Marshfield High School graduate and Mail alum Chad Day, son of Noel Day and Rhonda Day, was announced as a recipient of a 2023 Pulitzer Prize Monday, May 8. The Staff of the Wall Street Journal was named the winner of the Prize in Investigative Reporting for sharp accountability reporting on financial conflicts of interest among officials at 50 federal agencies, revealing those who bought and sold stocks they regulated and other ethical violations by individuals charged with safeguarding the public’s interest.

“I was at home with my wife when I found out,” he recalled. “We were just stunned. I couldn’t believe it… I am still in a daze about it. It hasn’t really sunk in. I was fortunate to work on a really great, generous team full of very talented people.”

Day explained that the team looked comprehensively across the federal government to explain how the government functions, where senior government officials' financial interests and personal financial interests intersect with their official duties. According to Day, one of the main findings was that about one in five senior officials owned stock in companies that were actively lobbying their agencies at the same time. The Journal collected documents, analyzed their findings and published their findings.

“There were about six of us on the team and a broad group of people who were involved,” Day said. “Journalism is a team sport… anybody that tries to do it by themselves, there’s always other people around them, helping them. It was a lot of work, but you never expect anything like this. It was just kind of crazy.”

Day, a 2006 Marshfield High School graduate, worked at the Marshfield Mail the summer after his senior year. He credits his boss at the Mail for pushing him into this career path.

“Mark [Eddlemon] is a close friend of mine. He was my baseball coach and also the reason I first got into journalism,” Day recalled. “I actually got mono during baseball season my senior year and Mark asked if I was interested in covering the games. So I started with the Marshfield Mail toward the end of my senior year and worked through the summer covering legion baseball, sports and all kinds of stuff.”

That fall, Day attended Journalism School at the University of Missouri and graduated in 2009. As he looks back, he says that this was the path he was meant to take. When asked if he had ever considered another career besides journalism, he said, “There are rough days in every profession, but I’ve been very lucky to not have to answer that question yet. I really love what I get to do and once I started doing it, it’s what I wanted to do every day. I think everybody has something like that… Something they feel meant to do.”
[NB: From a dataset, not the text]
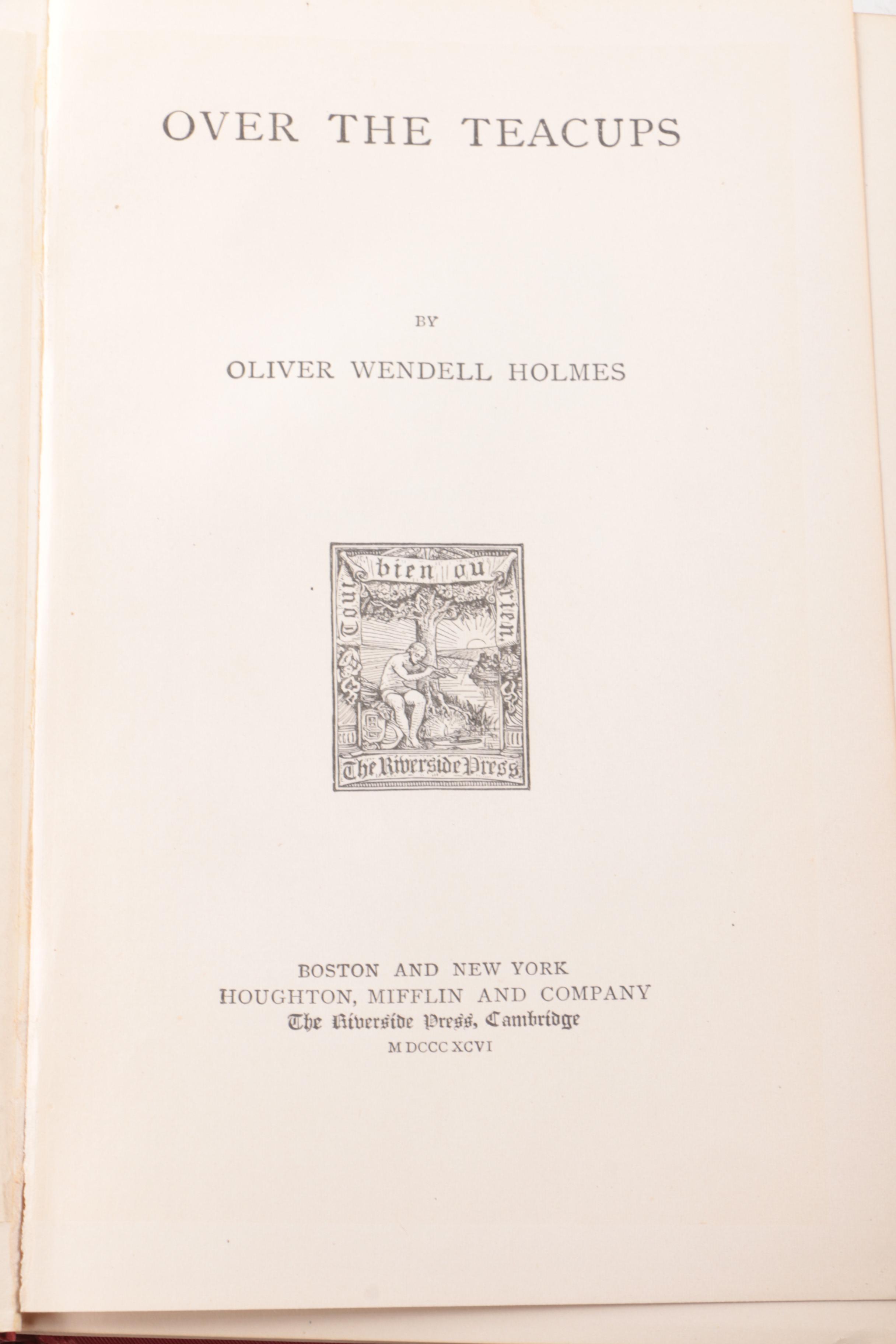 Collection of Hardbound Classics Including "Doctor Faustus" and "The Decamaron"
Day looks back at the path that led him there feeling thankful for the people who were kind enough to take the time to teach and help me over the years. After he finished journalism school, Day was an intern at the Kansas City Star for a summer before moving to Little Rock, AR for a job with the Arkansas Democrat Gazette. He remained there from 2009 -2015 when he accepted a job at the Associated Press in Washington D.C.. He then worked at the Wall Street Journal from 2019 until two months ago, when he returned to the Associated Press for his current role as the Chief Elections Analyst.

“Mark was instrumental in my journalism career. I always kept up with the news and was a big reader as a kid. My grandfather [James “Shorty” Day] would love to talk about news and what was going on with us kids,” he added. “My grandmother, Billie [Arthur], wrote a lot of obituaries over the years when my grandparents had the funeral home in Marshfield, so I got used to how she interviewed people for those and got interested in writing, but it was Mark who kind of pushed me into it. I can’t imagine doing anything else.”